By Ahmad Muliady Abdul Majid
KANGAR, Jan 17 -- A housewife, here, is having her hands full to prepare up to two tonnes of pekasam or fermented fish to meet the high demand for the products, especially ahead of the fasting month of Ramadan.
Wan Mastura Megat, 36, said it has become a routine for her at the beginning of the year to prepare pekasam made from lampam, puyu and sepat fish.
“Making pekasam fish is actually not really difficult but we need to be careful and always maintain cleanliness to ensure it lasts longer.
“...it would be better if we prepare it using our own recipe because every pekasam fish has its own unique taste,” she told Bernama recently.
Wan Mastura said she acquired the skill of making pekasam fish from her mother-in-law Siti Dzabedah Yop, 63.
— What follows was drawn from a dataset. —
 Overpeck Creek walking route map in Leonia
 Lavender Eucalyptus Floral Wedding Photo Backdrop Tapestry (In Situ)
On her business venture, Wan Mastura said it all started in 2012 when a friend who attended an event in Kuala Lumpur asked her to make puyu pekasam to be promoted there.
“At first, I only made it with the intention of helping my friends but it turned out to be a big hit when I joined the International Agriculture, Horticulture and Agro Tourism Exhibition (MAHA) in 2014,” said the housewife while rubbing finely grounded toasted fragrant rice on lampam fish.
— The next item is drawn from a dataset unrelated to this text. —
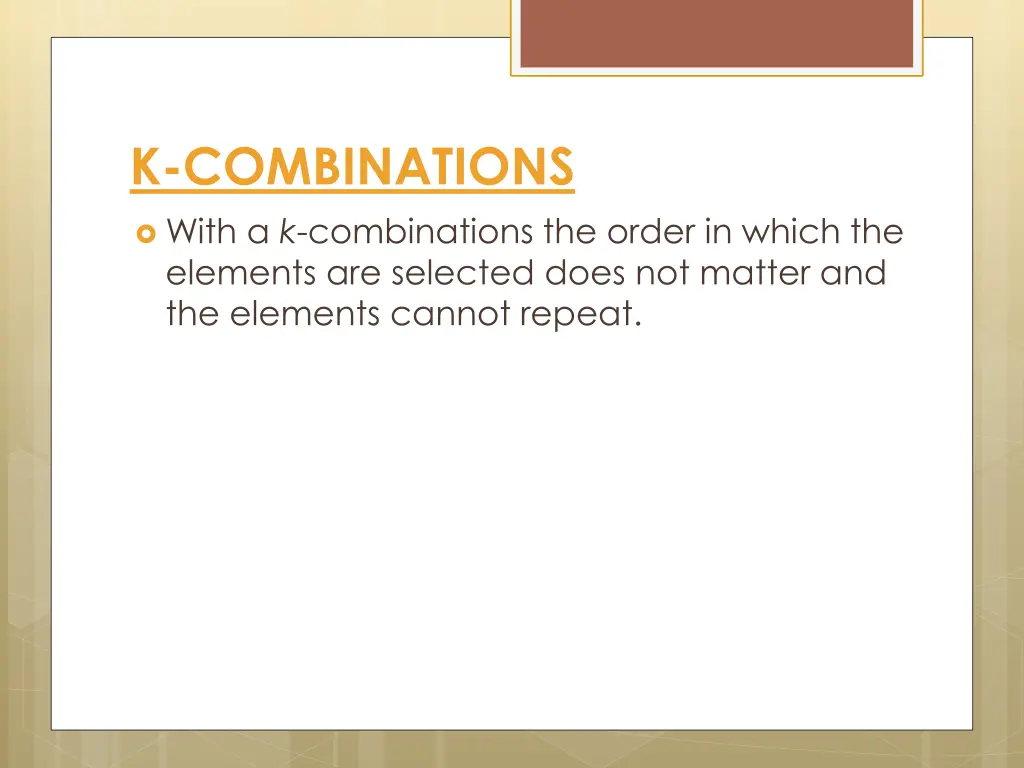 k combinations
Wan Mastura said since then the orders kept coming including from Sabah and Sarawak for her Pekasam Warisan Perlis products.
Another pekasam maker Abd Azhar Abd Aziz, 34, who is also a fisherman said the idea to start the business came about after he faced difficulties to sell his catch to fishmongers.
Despite being unsuccessful in his first attempt to make pekasam, Abd Azhar said he did not give up and with the help of his mother Melor Ali, 57, he eventually managed to come out with his own fermented fish products.
“Alhamduillah, every month I manage to sell almost one tonne of pekasam made of lampam, bongkok, belida and tilapia fish to visitors at the Timah Tasoh freshwater fish sanctuary.
“Each 250gm pack of my pekasam fish products is sold at the price of RM5 only,” said the father of three.